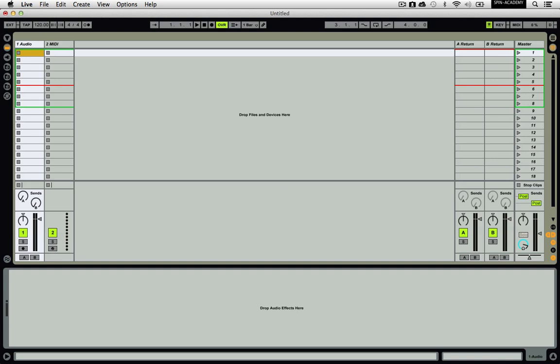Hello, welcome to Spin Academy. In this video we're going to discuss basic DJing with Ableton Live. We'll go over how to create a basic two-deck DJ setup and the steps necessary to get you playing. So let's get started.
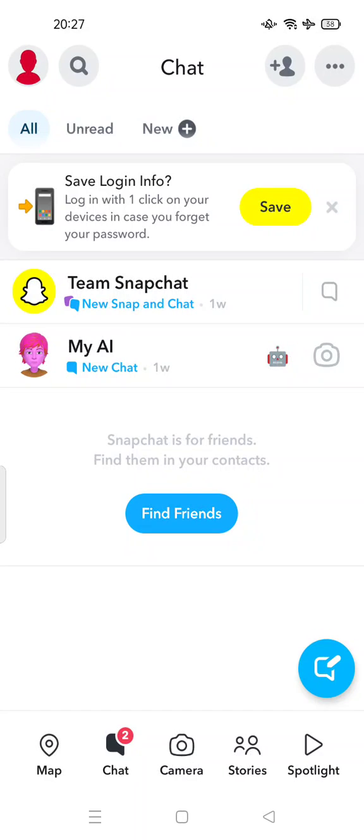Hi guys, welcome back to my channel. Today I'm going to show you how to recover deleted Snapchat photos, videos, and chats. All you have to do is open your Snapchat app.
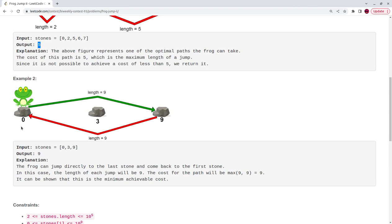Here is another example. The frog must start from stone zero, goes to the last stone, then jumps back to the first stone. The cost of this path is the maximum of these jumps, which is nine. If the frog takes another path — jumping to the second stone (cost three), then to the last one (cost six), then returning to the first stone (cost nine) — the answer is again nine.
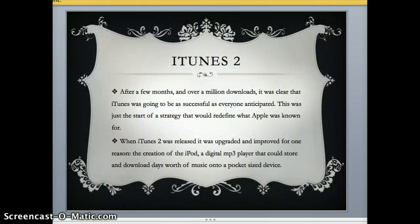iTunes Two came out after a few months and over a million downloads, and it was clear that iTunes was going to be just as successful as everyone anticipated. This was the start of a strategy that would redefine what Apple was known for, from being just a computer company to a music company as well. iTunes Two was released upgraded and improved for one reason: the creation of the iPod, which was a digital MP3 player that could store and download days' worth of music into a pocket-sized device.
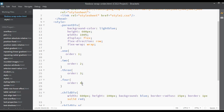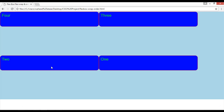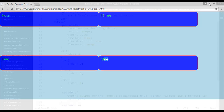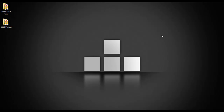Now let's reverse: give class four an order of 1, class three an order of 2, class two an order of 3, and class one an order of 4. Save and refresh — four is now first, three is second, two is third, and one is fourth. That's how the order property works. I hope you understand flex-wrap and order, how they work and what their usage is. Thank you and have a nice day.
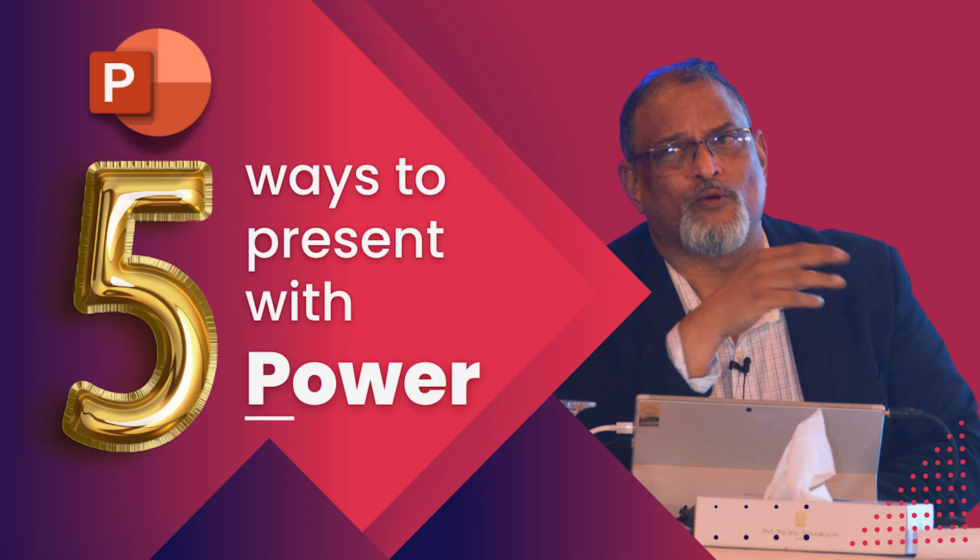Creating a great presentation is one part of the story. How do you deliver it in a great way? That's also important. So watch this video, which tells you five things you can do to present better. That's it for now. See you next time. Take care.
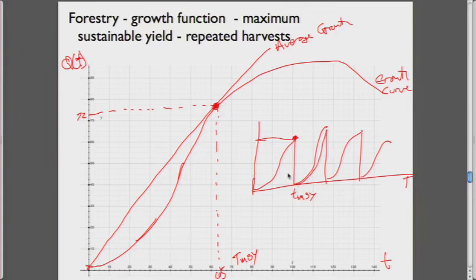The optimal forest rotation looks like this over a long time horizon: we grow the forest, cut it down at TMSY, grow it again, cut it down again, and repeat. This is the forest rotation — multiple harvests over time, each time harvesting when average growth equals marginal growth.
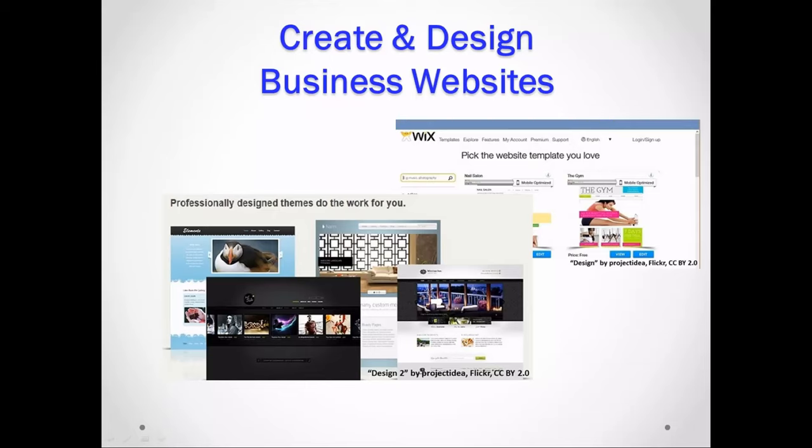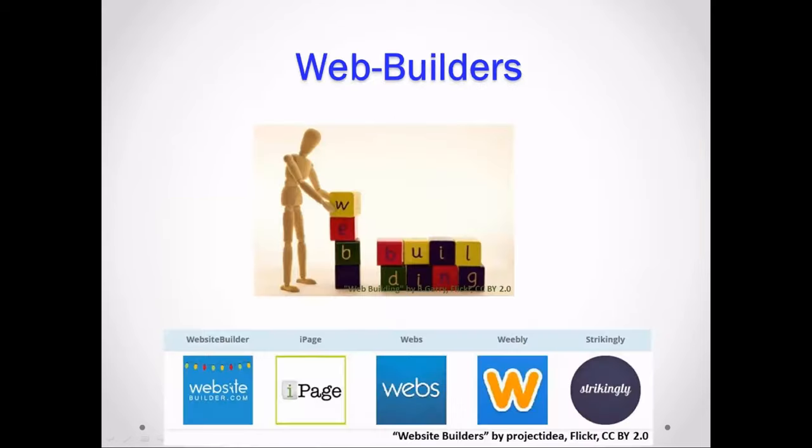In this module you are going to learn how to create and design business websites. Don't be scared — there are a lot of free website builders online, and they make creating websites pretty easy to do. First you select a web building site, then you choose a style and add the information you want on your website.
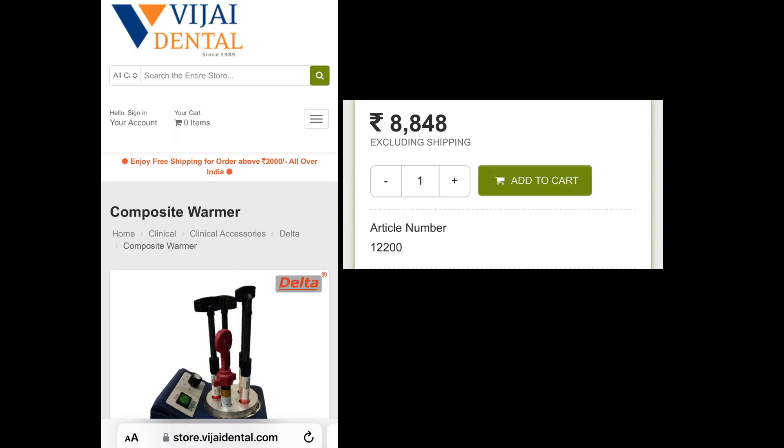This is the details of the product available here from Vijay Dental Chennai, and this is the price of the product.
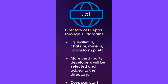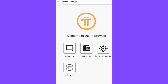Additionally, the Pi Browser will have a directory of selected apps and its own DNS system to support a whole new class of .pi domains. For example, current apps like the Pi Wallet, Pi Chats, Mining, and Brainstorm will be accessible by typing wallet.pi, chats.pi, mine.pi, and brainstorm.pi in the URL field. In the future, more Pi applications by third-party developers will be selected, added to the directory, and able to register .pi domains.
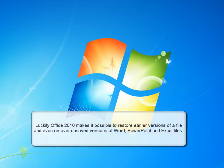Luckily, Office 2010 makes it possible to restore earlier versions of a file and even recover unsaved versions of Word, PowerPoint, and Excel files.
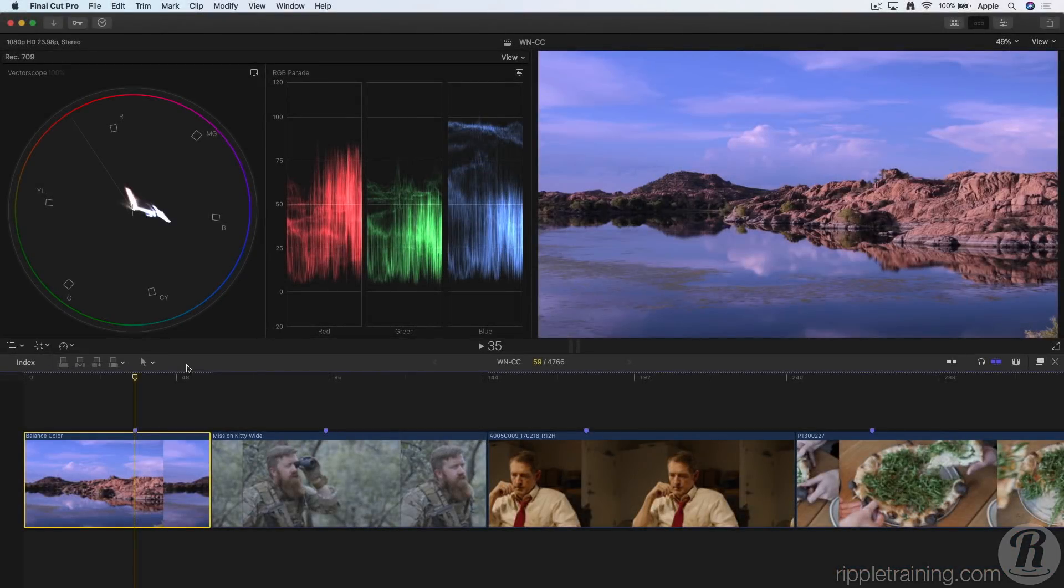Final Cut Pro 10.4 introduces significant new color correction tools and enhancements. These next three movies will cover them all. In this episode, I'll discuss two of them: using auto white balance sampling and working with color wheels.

========================================

## INSTRUCTIONS TO FOLLOW
Quote all the records verbatim, dropping any pictures from your copy.

## OUTPUT FOR THIS EXERCISE
Hello, welcome to Spin Academy. In this video we're going to discuss basic DJing with Ableton Live. We'll go over how to create a basic two-deck DJ setup and the steps necessary to get you playing. So let's get started.
Hi guys, welcome back to my channel. Today I'm going to show you how to recover deleted Snapchat photos, videos, and chats. All you have to do is open your Snapchat app.
Here is another example. The frog must start from stone zero, goes to the last stone, then jumps back to the first stone. The cost of this path is the maximum of these jumps, which is nine. If the frog takes another path — jumping to the second stone (cost three), then to the last one (cost six), then returning to the first stone (cost nine) — the answer is again nine.
iTunes Two came out after a few months and over a million downloads, and it was clear that iTunes was going to be just as successful as everyone anticipated. This was the start of a strategy that would redefine what Apple was known for, from being just a computer company to a music company as well. iTunes Two was released upgraded and improved for one reason: the creation of the iPod, which was a digital MP3 player that could store and download days' worth of music into a pocket-sized device.
Now let's reverse: give class four an order of 1, class three an order of 2, class two an order of 3, and class one an order of 4. Save and refresh — four is now first, three is second, two is third, and one is fourth. That's how the order property works. I hope you understand flex-wrap and order, how they work and what their usage is. Thank you and have a nice day.
Creating a great presentation is one part of the story. How do you deliver it in a great way? That's also important. So watch this video, which tells you five things you can do to present better. That's it for now. See you next time. Take care.
The optimal forest rotation looks like this over a long time horizon: we grow the forest, cut it down at TMSY, grow it again, cut it down again, and repeat. This is the forest rotation — multiple harvests over time, each time harvesting when average growth equals marginal growth.
In this module you are going to learn how to create and design business websites. Don't be scared — there are a lot of free website builders online, and they make creating websites pretty easy to do. First you select a web building site, then you choose a style and add the information you want on your website.
This is the details of the product available here from Vijay Dental Chennai, and this is the price of the product.
Additionally, the Pi Browser will have a directory of selected apps and its own DNS system to support a whole new class of .pi domains. For example, current apps like the Pi Wallet, Pi Chats, Mining, and Brainstorm will be accessible by typing wallet.pi, chats.pi, mine.pi, and brainstorm.pi in the URL field. In the future, more Pi applications by third-party developers will be selected, added to the directory, and able to register .pi domains.
Luckily, Office 2010 makes it possible to restore earlier versions of a file and even recover unsaved versions of Word, PowerPoint, and Excel files.
Final Cut Pro 10.4 introduces significant new color correction tools and enhancements. These next three movies will cover them all. In this episode, I'll discuss two of them: using auto white balance sampling and working with color wheels.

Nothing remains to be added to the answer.